> _Information_
▽
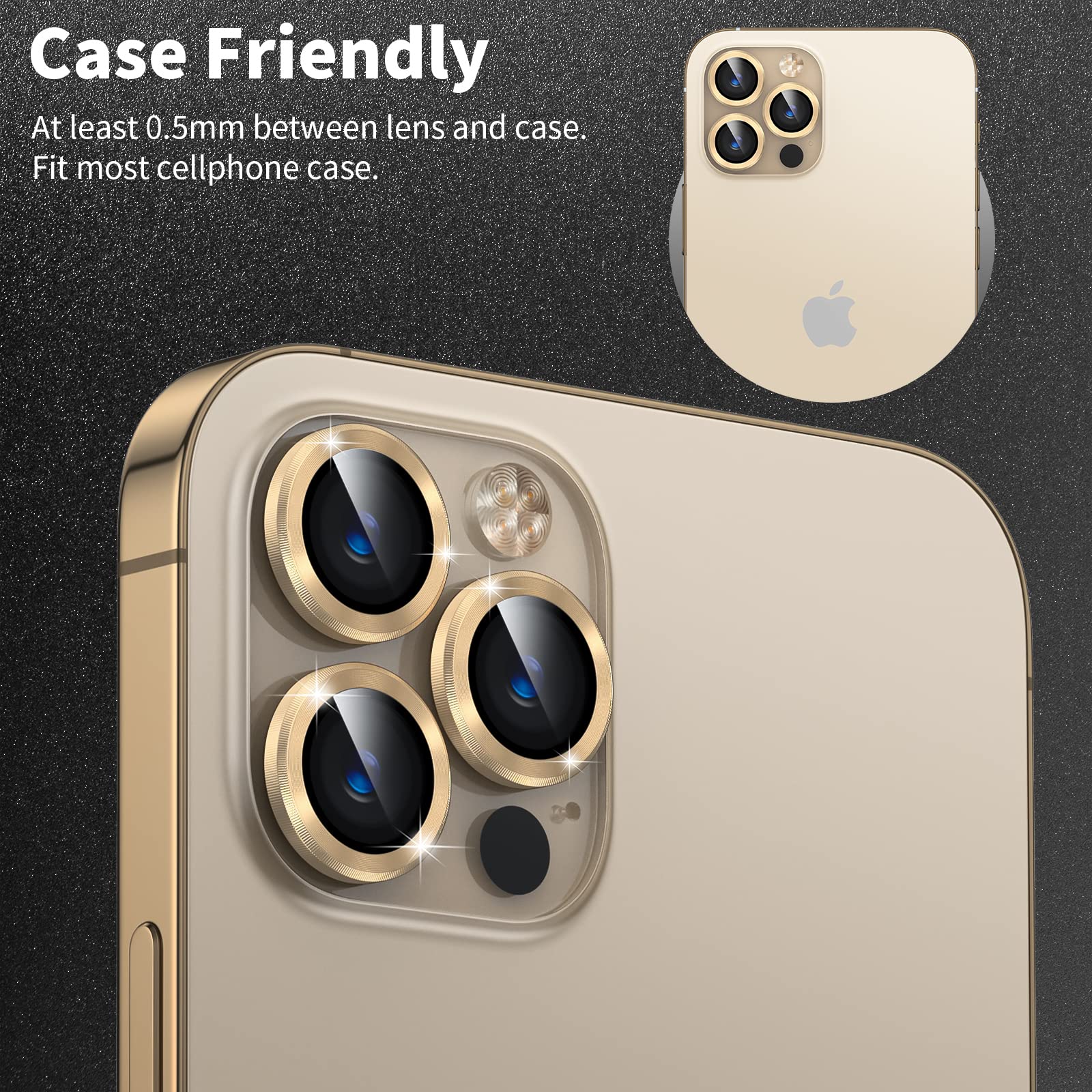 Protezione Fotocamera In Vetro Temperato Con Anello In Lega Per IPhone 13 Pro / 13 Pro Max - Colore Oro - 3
△
▽
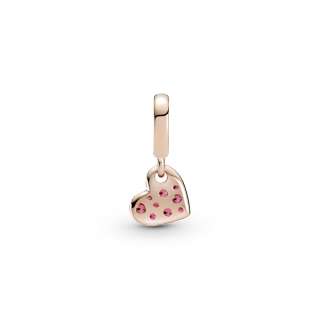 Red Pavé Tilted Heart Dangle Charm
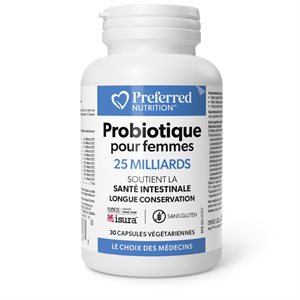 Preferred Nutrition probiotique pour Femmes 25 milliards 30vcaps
△
> _What you need to do_
Write back the stretch of lines above that begins with the line holding "Red Pavé Tilted Heart Dangle Charm" and ends with the line holding "Preferred Nutrition probiotique", both included, exactly as written. Pictures stay out.

> _Response for this exercise_
 Red Pavé Tilted Heart Dangle Charm
 Preferred Nutrition probiotique pour Femmes 25 milliards 30vcaps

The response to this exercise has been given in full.